The Russian Federation and the Democratic People’s Republic of Korea (DPRK) have unexpectedly established one of the most decisive alignments impacting both European and Asian security. Though Russian-DPRK ties have been on the upswing during the past decade, Russia’s invasion of Ukraine in February 2022 transformed the relationship as North Korea provided critical support for the Russian war effort. During the past year, Russian-DPRK interactions have expanded beyond military exchanges to encompass more non-defense spheres. This foundation could help sustain Russian-DPRK cooperation even when the Russia-Ukraine war ends.

North Korean Supplies to Moscow

North Korea has made critical contributions to Moscow’s war against Ukraine. Heads of Russian national security apparatus spectacularly misjudged the difficulties they would encounter in launching a full-scale invasion. They overestimated Russian military prowess and underestimated the will and capacity of the Ukrainian armed forces to resist. Anticipating a sweeping victory in a matter of days, the Russian military-industrial complex had not stockpiled the munitions or made other preparations required for what has morphed into a multi-year war.

Anticipating a sweeping victory in a matter of days, the Russian military-industrial complex had not stockpiled the munitions or made other preparations required for what has morphed into a multi-year war

The DPRK has adroitly filled this gap. At the time, North Korea was fortuitously the only possible foreign supplier that could rapidly deliver large stocks of Russian-compatible munitions. Many of the DPRK arms stockpiles and production facilities produced munitions that were compatible with those used by the Russian military, thanks to their common Soviet origins. North Korea began shipping munitions to Russia in the fall of 2023. By October 2024, Western analysts calculated that perhaps more than half the shells Russian troops employed in Ukraine came from North Korea.

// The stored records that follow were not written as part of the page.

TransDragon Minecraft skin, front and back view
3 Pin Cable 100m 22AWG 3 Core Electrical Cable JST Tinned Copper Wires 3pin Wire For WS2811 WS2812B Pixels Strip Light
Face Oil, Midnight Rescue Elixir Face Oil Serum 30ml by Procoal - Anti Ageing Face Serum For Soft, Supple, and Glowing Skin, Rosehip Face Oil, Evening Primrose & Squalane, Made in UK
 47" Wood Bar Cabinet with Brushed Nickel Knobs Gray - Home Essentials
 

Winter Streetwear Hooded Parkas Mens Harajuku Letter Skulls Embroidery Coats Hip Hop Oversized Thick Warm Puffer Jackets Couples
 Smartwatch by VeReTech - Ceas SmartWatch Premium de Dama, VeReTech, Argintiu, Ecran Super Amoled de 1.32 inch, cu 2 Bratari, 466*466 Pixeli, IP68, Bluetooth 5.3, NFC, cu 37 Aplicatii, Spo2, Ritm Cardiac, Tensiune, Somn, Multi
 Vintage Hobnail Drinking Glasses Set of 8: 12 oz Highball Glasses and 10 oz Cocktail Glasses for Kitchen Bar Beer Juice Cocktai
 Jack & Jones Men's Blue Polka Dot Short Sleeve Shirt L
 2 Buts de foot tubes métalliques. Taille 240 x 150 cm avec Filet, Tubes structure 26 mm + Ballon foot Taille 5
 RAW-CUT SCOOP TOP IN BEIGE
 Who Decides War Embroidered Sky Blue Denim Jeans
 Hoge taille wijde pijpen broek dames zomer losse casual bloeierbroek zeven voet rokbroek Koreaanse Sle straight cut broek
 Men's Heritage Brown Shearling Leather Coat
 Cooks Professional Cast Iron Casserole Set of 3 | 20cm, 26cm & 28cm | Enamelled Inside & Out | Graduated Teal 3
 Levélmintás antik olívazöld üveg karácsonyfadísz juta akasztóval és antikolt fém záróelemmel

According to a May 2025 report of the Multilateral Sanctions Monitoring Team (MSMT) tracking DPRK-related transactions that violate UN resolutions, North Korea has sent approximately 20,000 containers of military supplies to Russia since September 2023. These shipments have included 82mm, 122mm, 130mm, 152mm, and 170mm shells for various Russian howitzers and canons, Bulsae-4 anti-tank missiles, Hwasong-11 (KN-23) and Hwasong-11B (KN-24) short-range ballistic missiles; and several types of DPRK self-propelled guns, multiple rocket launchers, and other combat and combat support vehicles. A network of entities, including Russian-flagged cargo vessels, orchestrate these covert shipments using multiple modes of transportation.

These DPRK deliveries have proved critical for the Russian war effort, due to both their sheer volume and their timing. Russian forces received the infusion when they were desperately preparing for Ukraine’s long-awaited counteroffensive. With the new munitions, the Russian troops overmatched the Ukrainian artillery and stopped the Ukrainian ground forces from making major gains. Since then, Russian forces have exploited their artillery advantage to win several battles and occupy more Ukrainian territory.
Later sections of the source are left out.